- EXERCISE INPUTS:
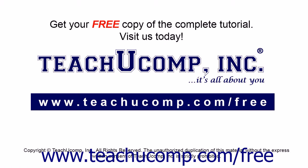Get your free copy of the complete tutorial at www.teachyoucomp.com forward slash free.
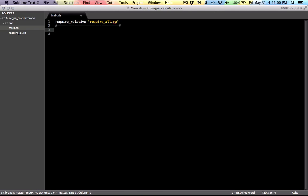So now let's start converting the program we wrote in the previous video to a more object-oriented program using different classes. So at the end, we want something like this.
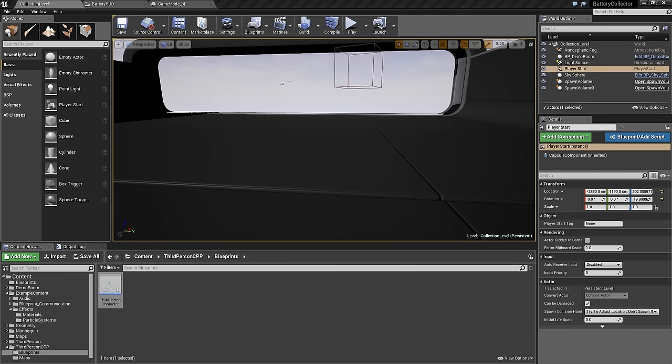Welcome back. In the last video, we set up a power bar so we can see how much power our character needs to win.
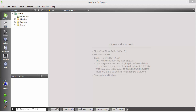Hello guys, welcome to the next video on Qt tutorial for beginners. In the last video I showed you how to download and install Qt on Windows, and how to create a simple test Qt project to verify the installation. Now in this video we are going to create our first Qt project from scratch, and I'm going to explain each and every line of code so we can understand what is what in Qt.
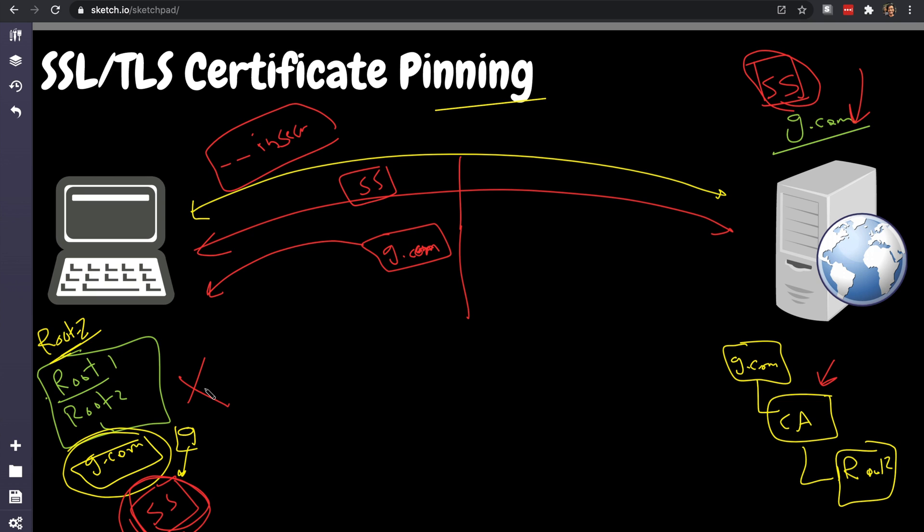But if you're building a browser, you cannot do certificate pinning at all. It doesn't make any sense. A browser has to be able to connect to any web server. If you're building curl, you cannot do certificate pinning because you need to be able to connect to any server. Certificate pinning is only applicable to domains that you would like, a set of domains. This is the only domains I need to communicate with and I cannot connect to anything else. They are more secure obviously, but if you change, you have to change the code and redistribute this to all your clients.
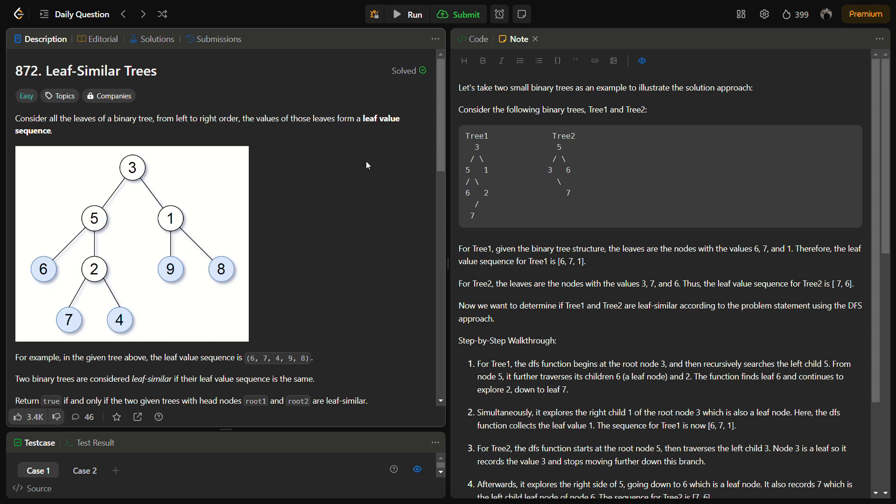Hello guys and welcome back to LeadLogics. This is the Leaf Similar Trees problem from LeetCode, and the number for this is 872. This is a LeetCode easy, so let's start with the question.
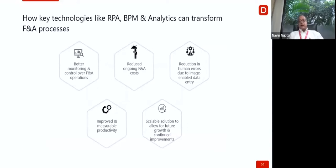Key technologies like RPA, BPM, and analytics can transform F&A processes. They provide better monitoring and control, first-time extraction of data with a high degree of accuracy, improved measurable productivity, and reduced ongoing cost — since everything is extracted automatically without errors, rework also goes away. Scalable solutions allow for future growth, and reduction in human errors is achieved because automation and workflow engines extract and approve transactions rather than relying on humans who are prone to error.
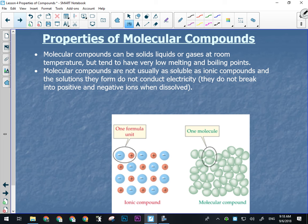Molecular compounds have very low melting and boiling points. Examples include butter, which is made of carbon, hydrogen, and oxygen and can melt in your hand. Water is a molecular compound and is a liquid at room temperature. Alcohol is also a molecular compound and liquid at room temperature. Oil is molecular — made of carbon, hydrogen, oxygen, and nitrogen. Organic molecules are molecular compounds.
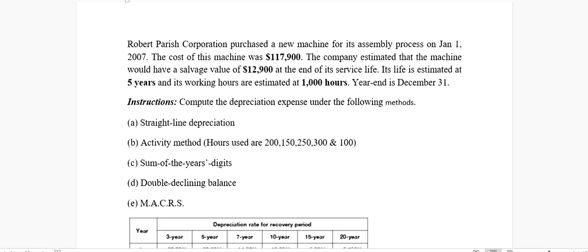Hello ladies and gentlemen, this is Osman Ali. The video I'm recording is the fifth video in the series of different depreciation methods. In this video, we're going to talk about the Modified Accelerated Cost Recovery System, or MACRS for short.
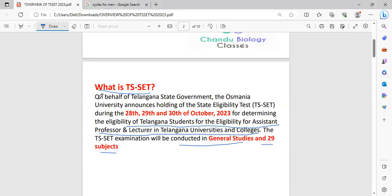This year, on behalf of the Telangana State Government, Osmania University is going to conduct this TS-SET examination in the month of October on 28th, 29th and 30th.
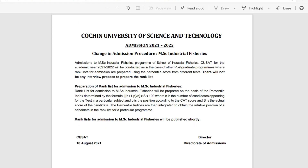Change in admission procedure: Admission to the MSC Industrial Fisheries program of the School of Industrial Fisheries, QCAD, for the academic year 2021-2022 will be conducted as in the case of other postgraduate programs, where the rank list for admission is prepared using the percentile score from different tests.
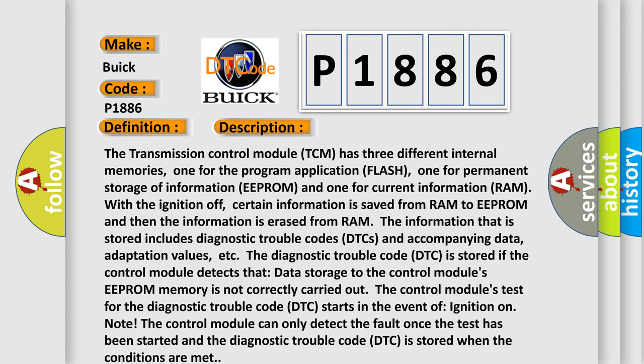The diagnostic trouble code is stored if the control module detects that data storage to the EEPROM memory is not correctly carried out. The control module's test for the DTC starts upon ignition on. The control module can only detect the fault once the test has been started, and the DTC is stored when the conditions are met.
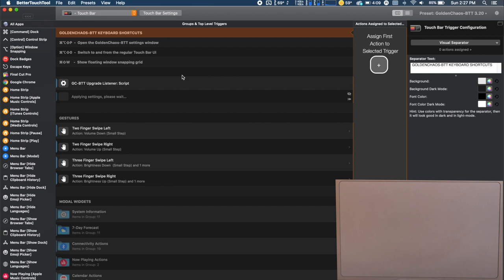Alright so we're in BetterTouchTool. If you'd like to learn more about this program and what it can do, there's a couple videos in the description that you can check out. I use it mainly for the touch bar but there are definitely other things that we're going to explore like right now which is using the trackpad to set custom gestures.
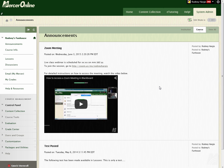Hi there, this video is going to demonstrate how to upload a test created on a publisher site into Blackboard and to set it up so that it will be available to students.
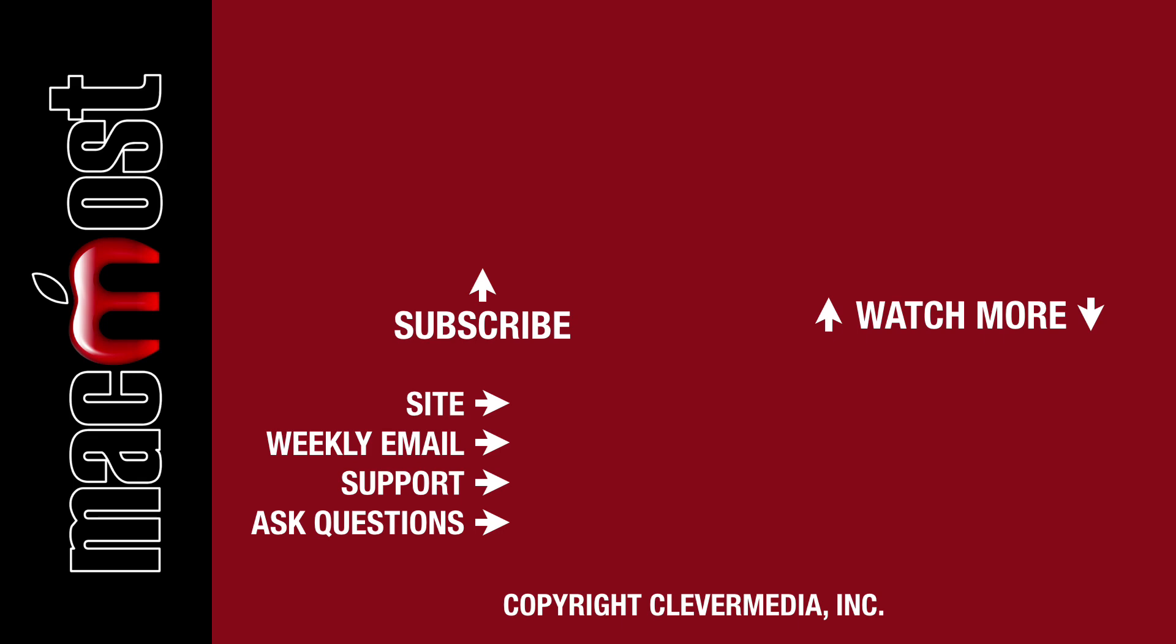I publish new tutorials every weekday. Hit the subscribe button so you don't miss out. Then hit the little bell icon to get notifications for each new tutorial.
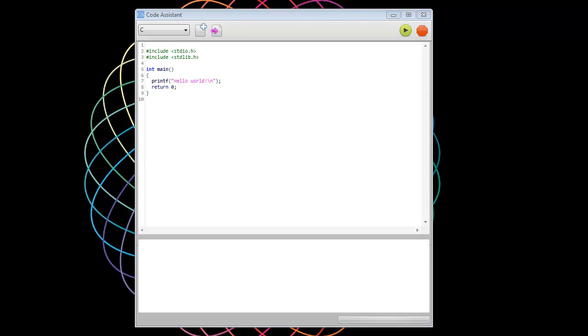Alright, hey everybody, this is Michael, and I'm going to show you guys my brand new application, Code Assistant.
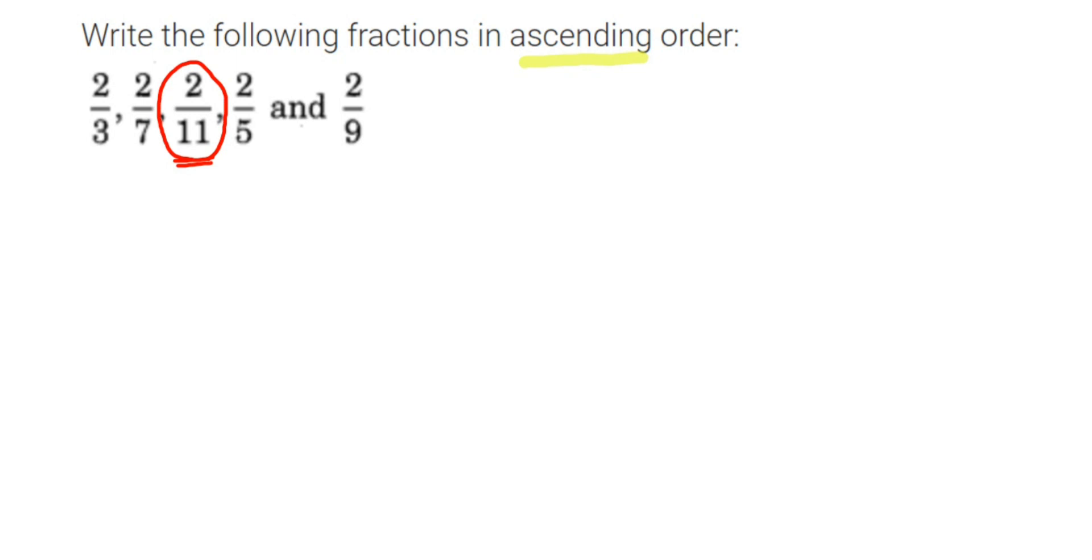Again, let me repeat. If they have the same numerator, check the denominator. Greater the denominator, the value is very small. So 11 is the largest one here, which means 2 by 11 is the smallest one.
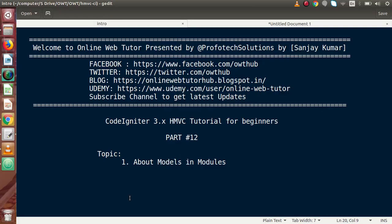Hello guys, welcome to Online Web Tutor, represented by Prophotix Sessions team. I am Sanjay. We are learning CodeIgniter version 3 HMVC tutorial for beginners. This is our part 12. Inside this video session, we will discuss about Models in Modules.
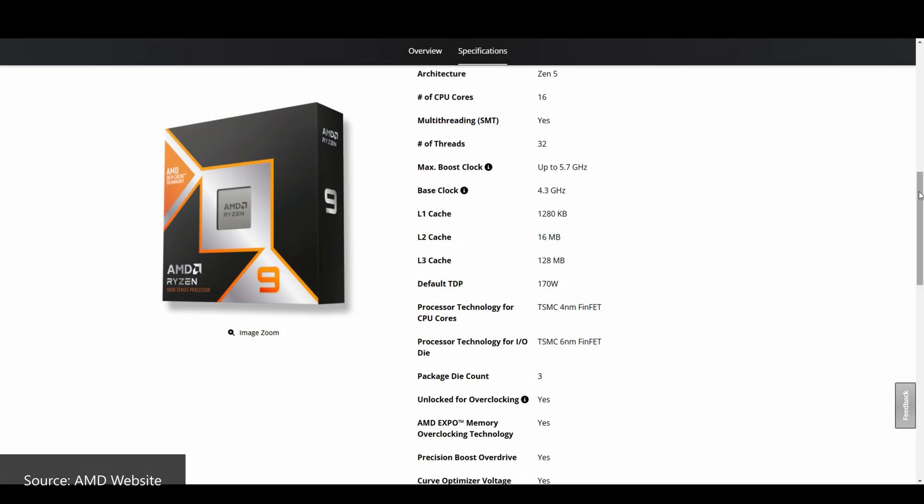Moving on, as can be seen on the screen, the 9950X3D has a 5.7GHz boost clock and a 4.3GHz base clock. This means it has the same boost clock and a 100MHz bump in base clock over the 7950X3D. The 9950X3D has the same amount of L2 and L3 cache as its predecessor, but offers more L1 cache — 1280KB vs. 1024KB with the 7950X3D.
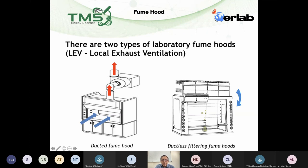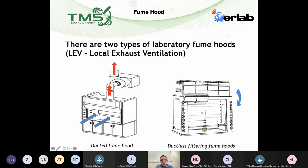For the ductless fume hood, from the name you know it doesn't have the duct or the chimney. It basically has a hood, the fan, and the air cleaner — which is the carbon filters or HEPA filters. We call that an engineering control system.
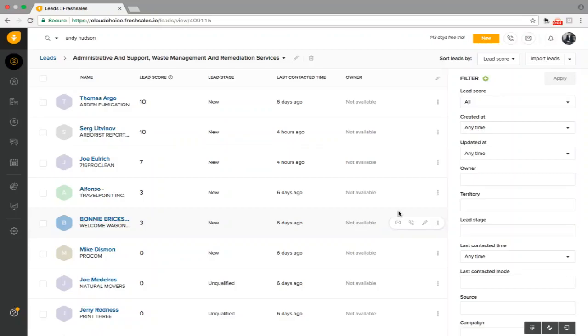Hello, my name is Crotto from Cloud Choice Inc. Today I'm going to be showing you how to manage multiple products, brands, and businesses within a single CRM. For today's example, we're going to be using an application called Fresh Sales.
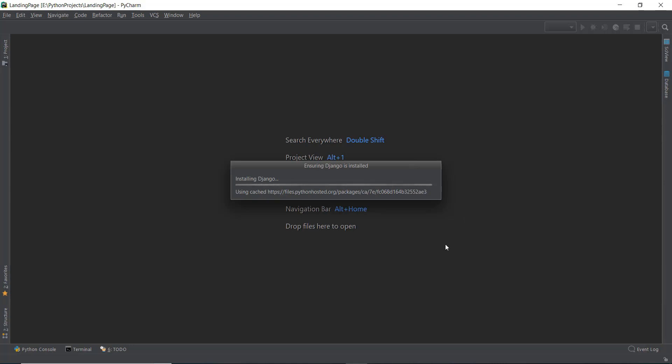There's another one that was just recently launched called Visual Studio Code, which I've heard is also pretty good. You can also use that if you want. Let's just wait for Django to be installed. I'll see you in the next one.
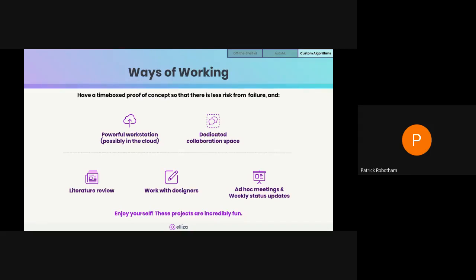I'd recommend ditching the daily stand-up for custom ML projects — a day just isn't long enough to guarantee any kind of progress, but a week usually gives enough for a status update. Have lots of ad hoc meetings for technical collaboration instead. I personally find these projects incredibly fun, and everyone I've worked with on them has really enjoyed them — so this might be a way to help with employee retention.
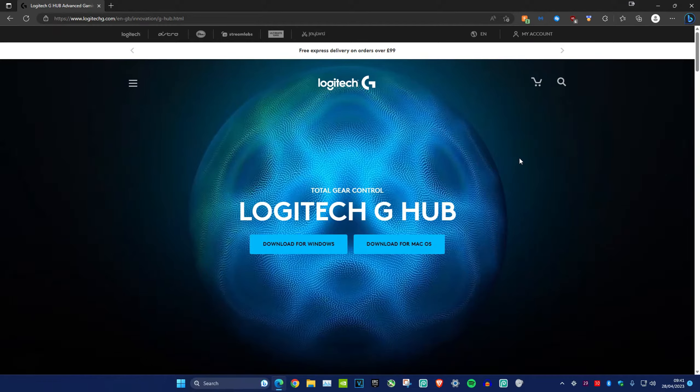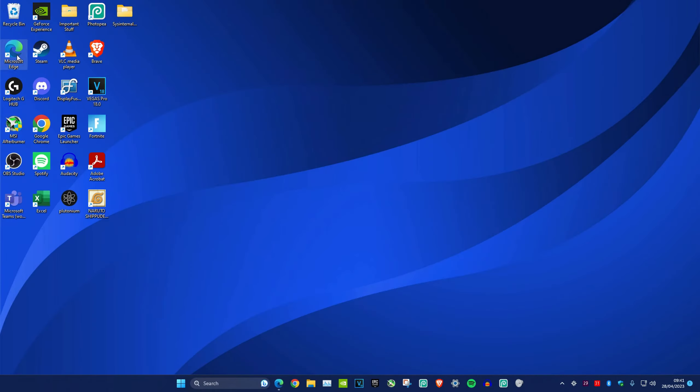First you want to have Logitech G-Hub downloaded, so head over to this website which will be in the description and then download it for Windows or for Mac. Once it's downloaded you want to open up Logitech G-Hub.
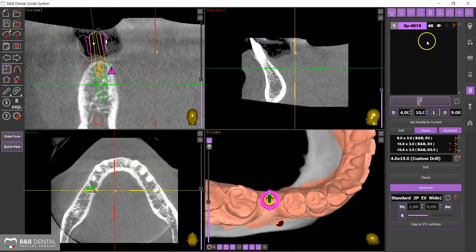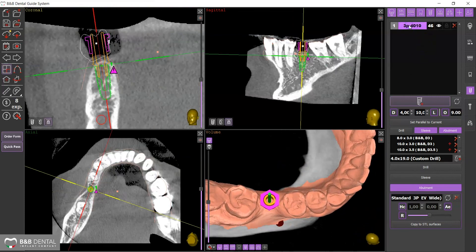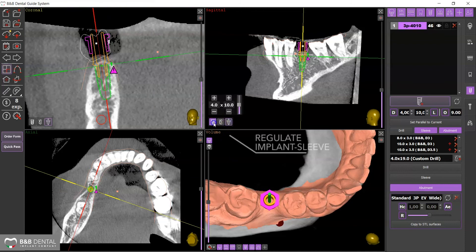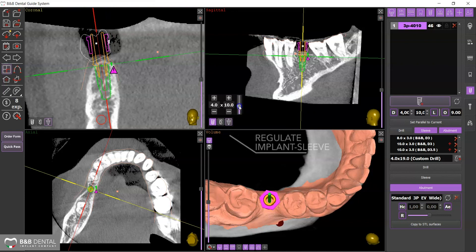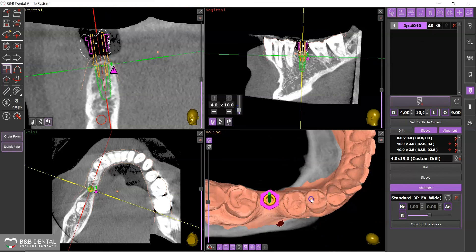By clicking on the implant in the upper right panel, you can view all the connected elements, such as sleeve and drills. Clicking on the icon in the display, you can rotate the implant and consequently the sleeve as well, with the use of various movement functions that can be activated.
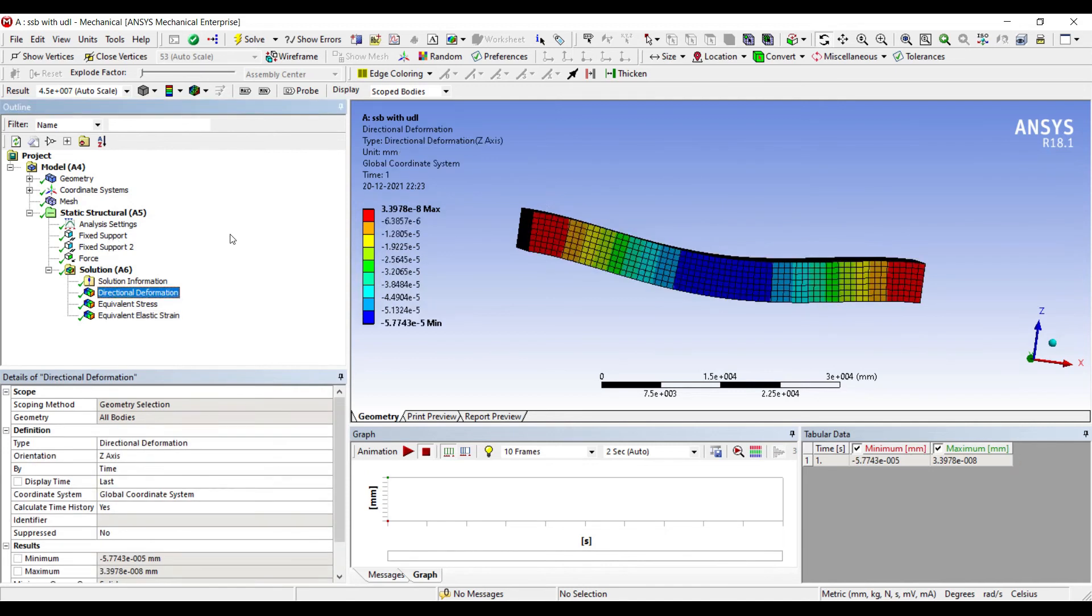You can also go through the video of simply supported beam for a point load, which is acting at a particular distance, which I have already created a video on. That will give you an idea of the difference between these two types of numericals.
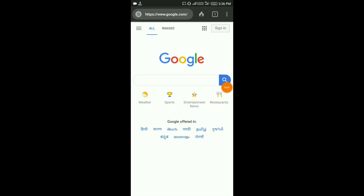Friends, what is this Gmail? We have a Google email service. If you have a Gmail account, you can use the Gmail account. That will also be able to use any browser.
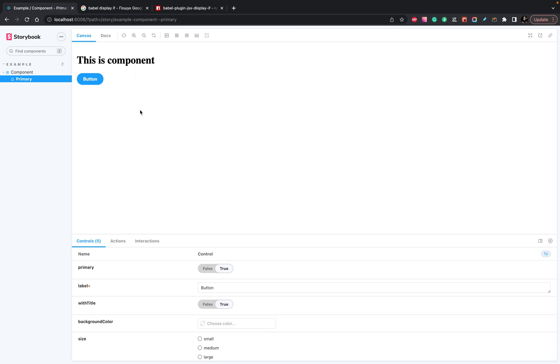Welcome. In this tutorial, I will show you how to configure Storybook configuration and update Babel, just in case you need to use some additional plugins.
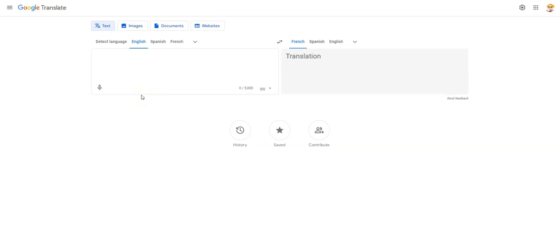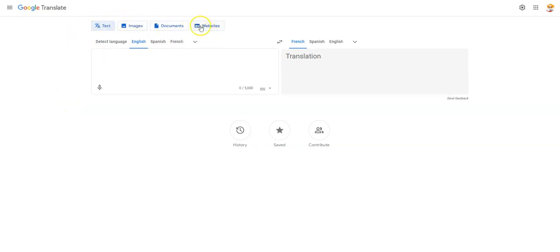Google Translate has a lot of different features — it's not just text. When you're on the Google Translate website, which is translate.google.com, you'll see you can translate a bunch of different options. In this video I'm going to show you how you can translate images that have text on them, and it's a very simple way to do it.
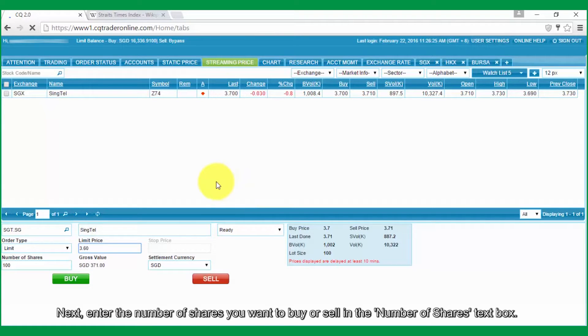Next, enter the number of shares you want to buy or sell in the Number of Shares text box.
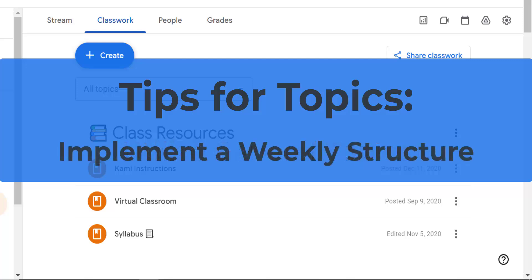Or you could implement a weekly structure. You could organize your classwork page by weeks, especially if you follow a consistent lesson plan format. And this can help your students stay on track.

- PROBLEM DESCRIPTION:
In the listing above, the required lines run from the line with "Moving on, as" through the line with "There's another one". Output exactly those lines, omitting pictures.

- WRITTEN SOLUTION:
Moving on, as can be seen on the screen, the 9950X3D has a 5.7GHz boost clock and a 4.3GHz base clock. This means it has the same boost clock and a 100MHz bump in base clock over the 7950X3D. The 9950X3D has the same amount of L2 and L3 cache as its predecessor, but offers more L1 cache — 1280KB vs. 1024KB with the 7950X3D.
For the ductless fume hood, from the name you know it doesn't have the duct or the chimney. It basically has a hood, the fan, and the air cleaner — which is the carbon filters or HEPA filters. We call that an engineering control system.
Hello, my name is Crotto from Cloud Choice Inc. Today I'm going to be showing you how to manage multiple products, brands, and businesses within a single CRM. For today's example, we're going to be using an application called Fresh Sales.
There's another one that was just recently launched called Visual Studio Code, which I've heard is also pretty good. You can also use that if you want. Let's just wait for Django to be installed. I'll see you in the next one.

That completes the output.